• **Brief**: Set the listing down exactly; no pictures.

=== Begin Enclosure ===

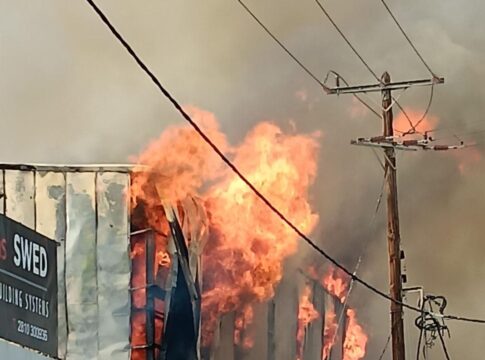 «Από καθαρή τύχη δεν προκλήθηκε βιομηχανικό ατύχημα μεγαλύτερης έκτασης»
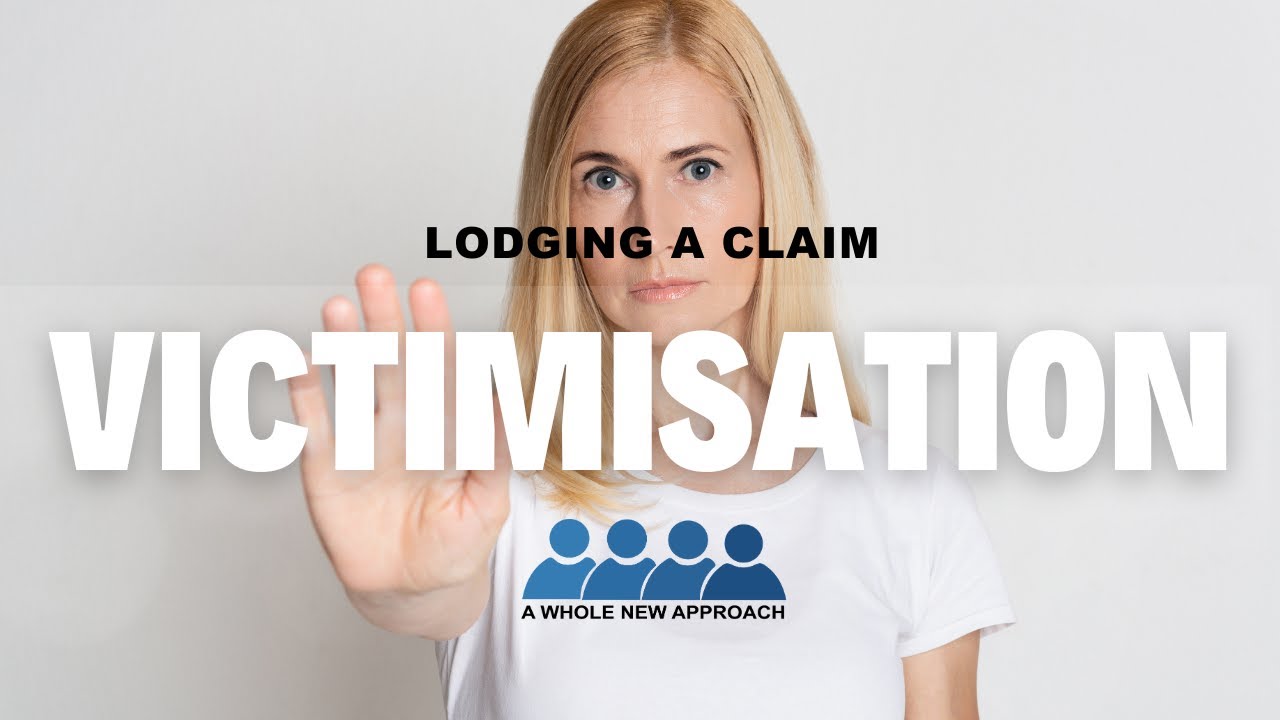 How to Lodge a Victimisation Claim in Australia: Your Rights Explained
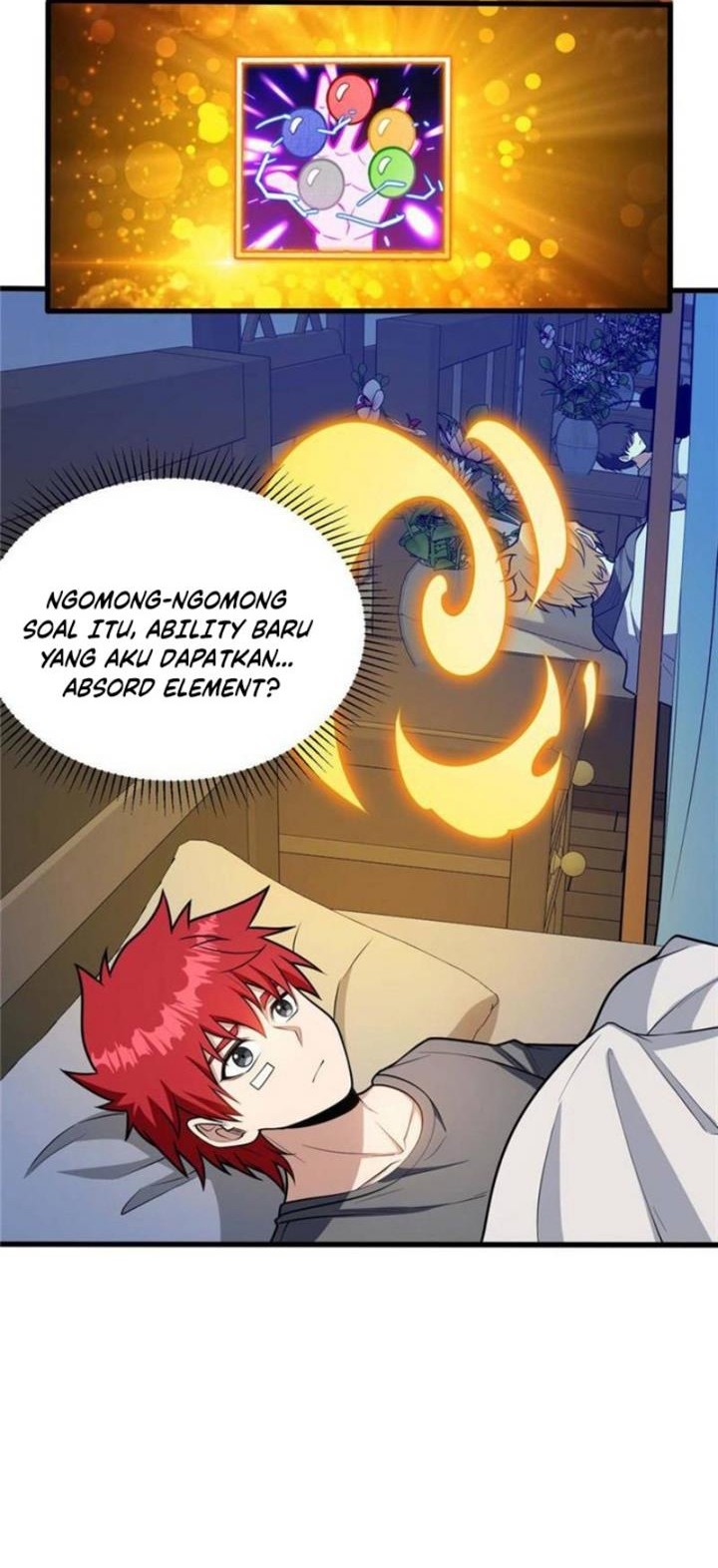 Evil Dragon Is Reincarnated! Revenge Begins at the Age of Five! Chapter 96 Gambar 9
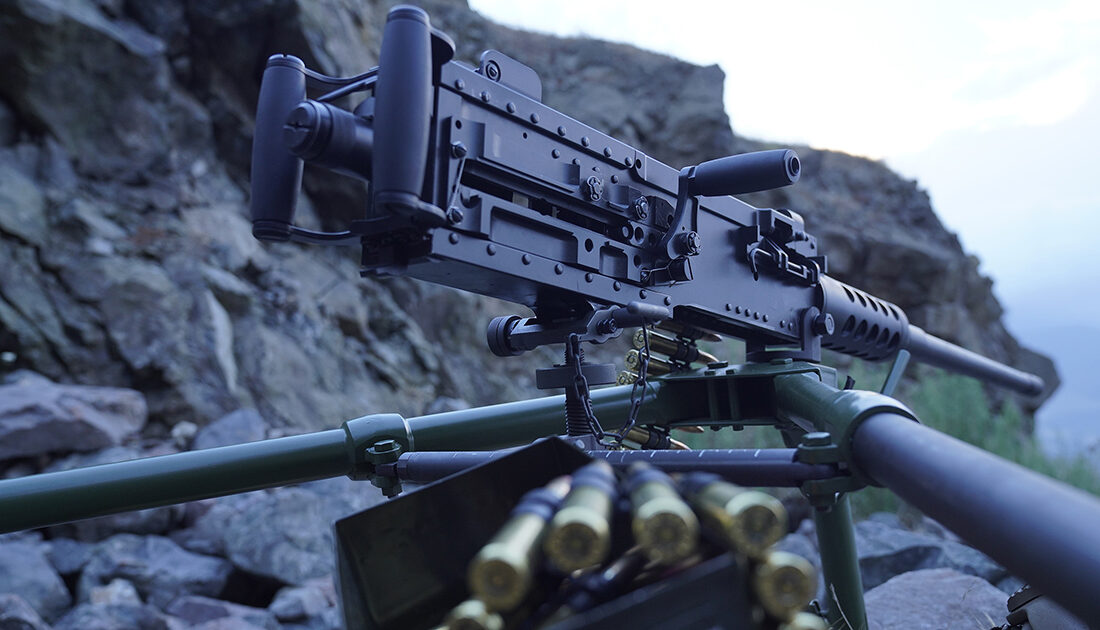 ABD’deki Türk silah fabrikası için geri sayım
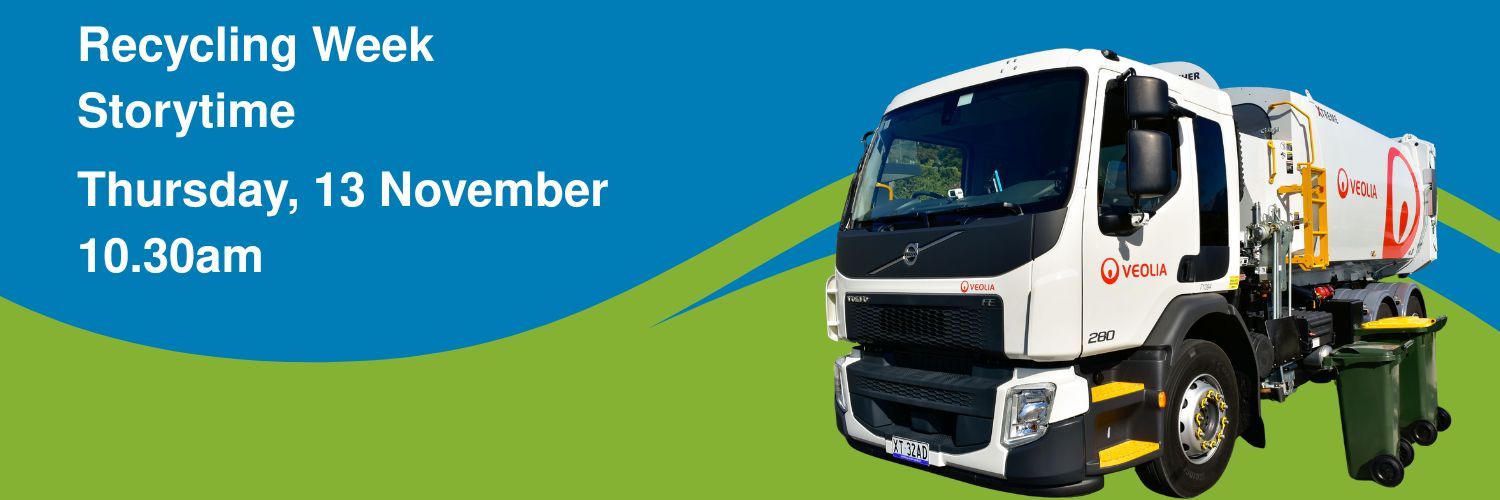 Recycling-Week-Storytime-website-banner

=== End Enclosure ===

• **Solution to this problem**:
 «Από καθαρή τύχη δεν προκλήθηκε βιομηχανικό ατύχημα μεγαλύτερης έκτασης»
 How to Lodge a Victimisation Claim in Australia: Your Rights Explained
 Evil Dragon Is Reincarnated! Revenge Begins at the Age of Five! Chapter 96 Gambar 9
 ABD’deki Türk silah fabrikası için geri sayım
 Recycling-Week-Storytime-website-banner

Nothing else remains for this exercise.